▶ _DIRECTIONS_: Only one span of the listing below is wanted: the lines from the one with "Горшок цветочный Arpo d=210мм" through the one with "Logitech Pebble M350", reproduced exactly, both ends kept.

▶ _RECORD EXCERPTS_:

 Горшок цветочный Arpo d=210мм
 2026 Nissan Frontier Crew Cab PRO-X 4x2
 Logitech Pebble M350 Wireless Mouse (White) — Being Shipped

...

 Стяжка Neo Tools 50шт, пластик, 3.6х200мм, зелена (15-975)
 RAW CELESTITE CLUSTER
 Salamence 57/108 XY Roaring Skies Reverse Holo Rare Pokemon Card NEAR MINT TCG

==

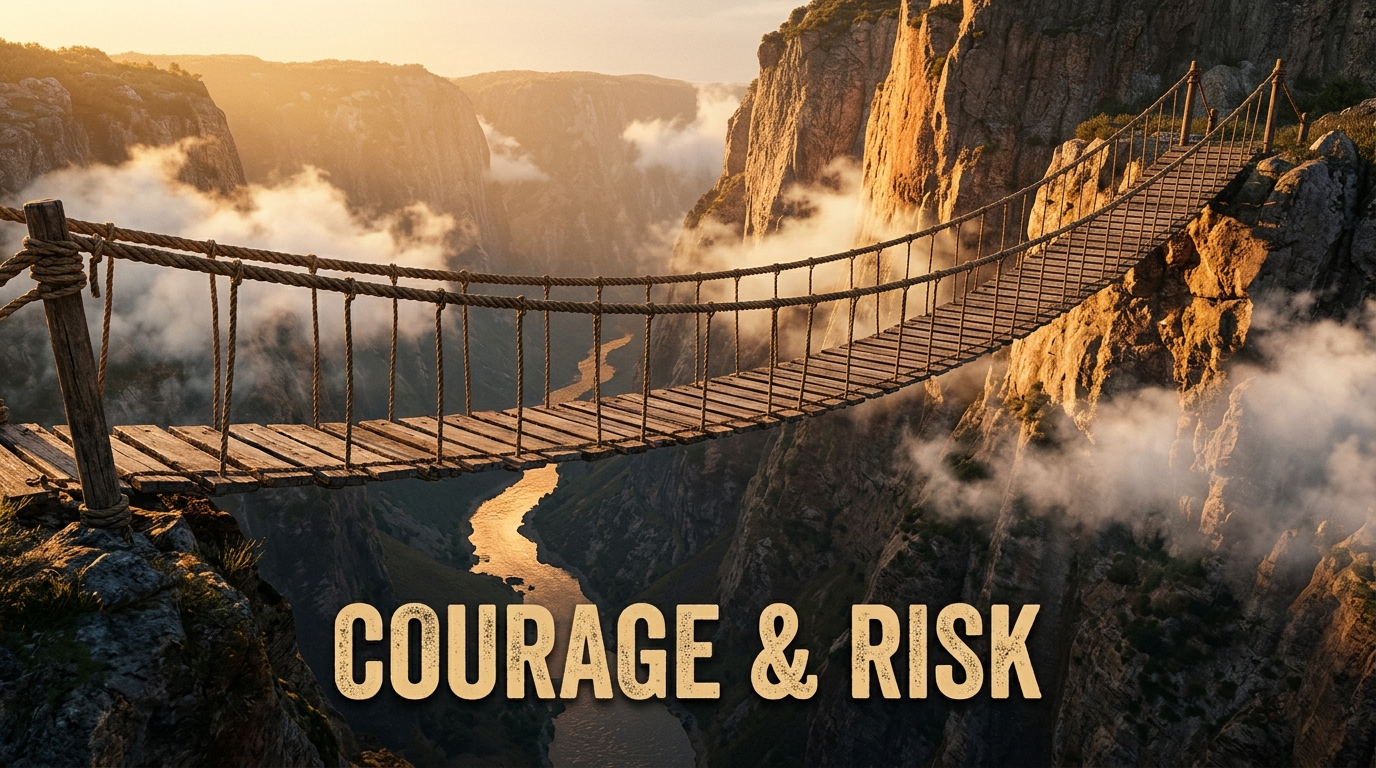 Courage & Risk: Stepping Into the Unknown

▶ _PROBLEM SOLUTION_:
 Горшок цветочный Arpo d=210мм
 2026 Nissan Frontier Crew Cab PRO-X 4x2
 Logitech Pebble M350 Wireless Mouse (White) — Being Shipped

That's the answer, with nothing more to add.